And so this is Christmas

Posted: December 21, 2014 in writing
Tags: , , , , , , ,

This year really feels like it is winding to a close. Loose ends are being tidied away and, metaphorically at least, I’ll be glad to see that calender tick over to 2015. I’ve learned a lot in 2014, some tough lessons at times, but I think I’ve come out of it a stronger, and perhaps a more authentic person. My goal going forward is to be ‘true’ to myself.

Most days now, I know what I want. I also know what I will or won’t tolerate and, most of all, I know that self-care is perhaps the greatest gift you can give…to yourself.

Part of caring for self means setting boundaries. As the title of this blog suggests, I’m a ‘sensitive’ person…whatever that means. I guess for want of a good definition, I’ll have a go at defining it for myself:

  • Well, firstly, I try and please everyone as much as I can. (I know that’s silly…)
  • Secondly, I am intensely aware of other people’s emotions and moods. I can get sucked into the vortex of their anger or despair, insecurity and even jealousy. Once I’m aware, I feel almost responsible for making them feel better and I get anxious that things aren’t ‘right’.
  • I’m also aware, sometimes inadvertently, of what other’s are thinking. I have an antenna that goes up and sure enough I’ll get a call or a visit and that person will raise the thing I know they’ve called to speak about. Sometimes, the antenna is just a connection and I’ll hear from the person that has come to mind.
  • For better or worse I’m psychologically perceptive (this runs in my family). I know what bothers a person and where and why they are feeling a little vulnerable. Most of the time I say to myself it’s none of my business and manage to stand aside from it. Not everybody wants or needs to be helped and sometimes it really is ‘their business’ not mine.
  • Occasionally, I can get flashes or insight into probable outcomes. I try and keep that to myself unless I’m asked because I’ve found people want to hear what they want to hear and the future is unknowable to them, and perhaps to me, anyway.
  • Sometimes, I will have a prophetic dream and this gives me an insight that may or may not be worrying.

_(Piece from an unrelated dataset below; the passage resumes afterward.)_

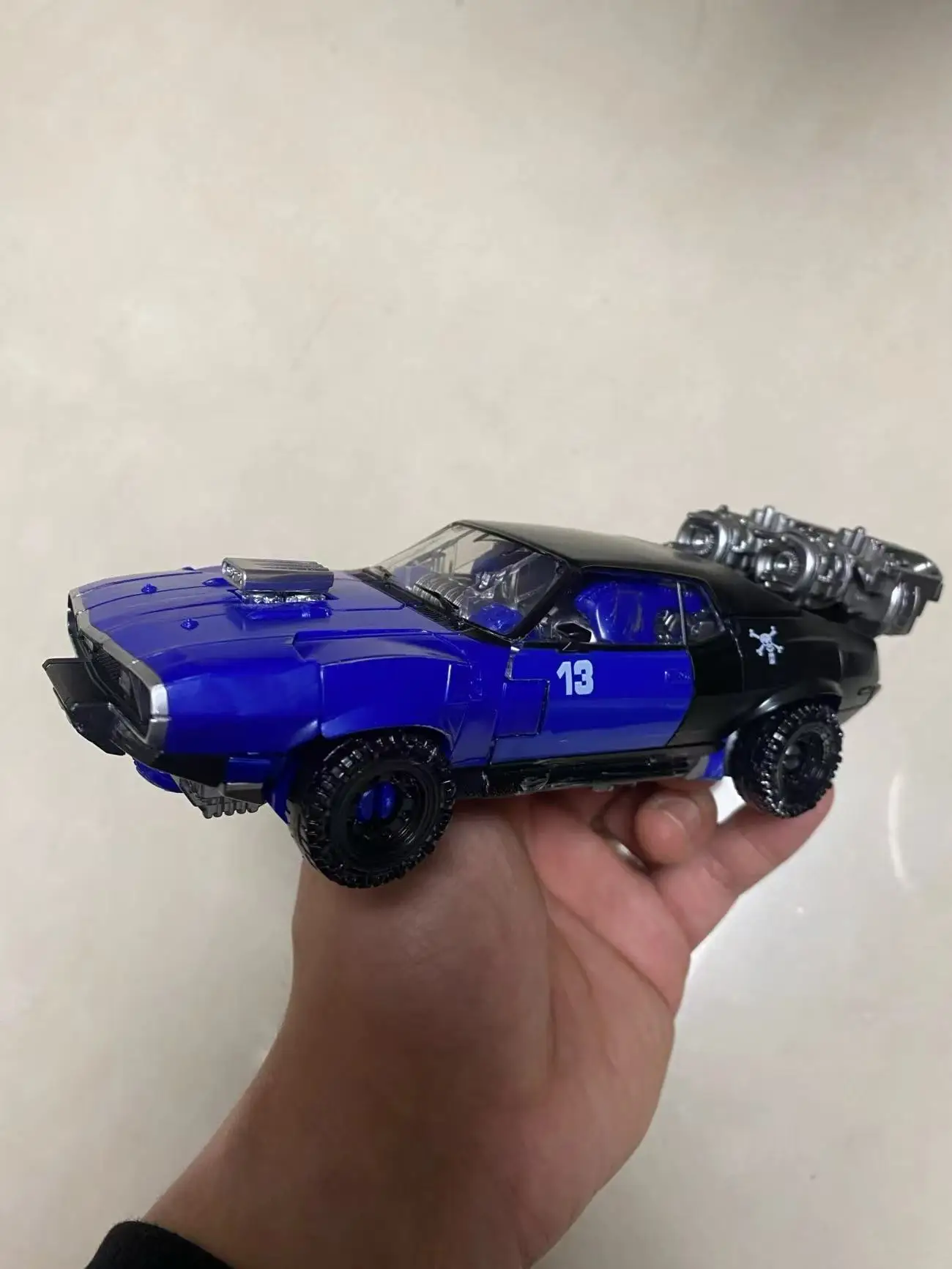 BAIWEI Budweiser TW1033 Transformation TW-1033 Dropkick KO SS46 OVERSIZE Action Figure Giocattolo da Collezione Disponibile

On the flip side of this ‘sensitivity’ is the ability to understand the good stuff, the joy, the humour, the compassion and to really empathise when someone is feeling down or needs help. Being a ‘feeling’ person allows me to experience the full range of emotions myself. At times life is sublime. At other times…well, I’ve learned to cope better in recent years with the other side of the ‘sublime’ coin. Emotions can be a rollercoaster and I’ve had my share of the rides.

Until now, and I’ve hit middle age, I really didn’t know what to do with this ‘sensitivity’ but I’ve been learning a lot this year. Here are some of the lessons I’ve received in 2014:

  • Set boundaries and say ‘no’ if rest is needed or the price is too high. It’s liberating to please yourself, especially when it means you can take care of yourself.
  • Other people’s anger or resentment or vulnerability is their ‘stuff’ not mine.
  • I don’t have to be responsible for everyone, just my kids and partner, family and friends.
  • If people are behaving badly, that’s their lesson not mine. Life is short and I owe it to myself to be surrounded in positivity.
  • There is always going to be tension between people. That’s the way life is; we don’t all get along. I don’t have to solve that or get involved in other people’s dysfunction. I just have to mind my own dysfunction and watch it doesn’t impact on anyone else.
  • It’s ok for me to live my life the way I want to live it, not the way other’s might want me too.
  •  And finally, this is a biggie, I have opinions and a voice and I’ll speak up when it’s important to me. (There’s an old saying that you should choose your fights and I do believe that as much as I believe that we should ‘live and let live’.)

Most of all, I hope 2015 is a positive, happy and trusting year for everyone. One where we all have a little more faith in each other. One where we can ‘live and let live’ and be tolerant of others and what is important to them, and make life good for ourselves and that will, in turn, flow onto others.

Merry Christmas everyone. I hope you get in lots of ‘self-care’ over the holiday break.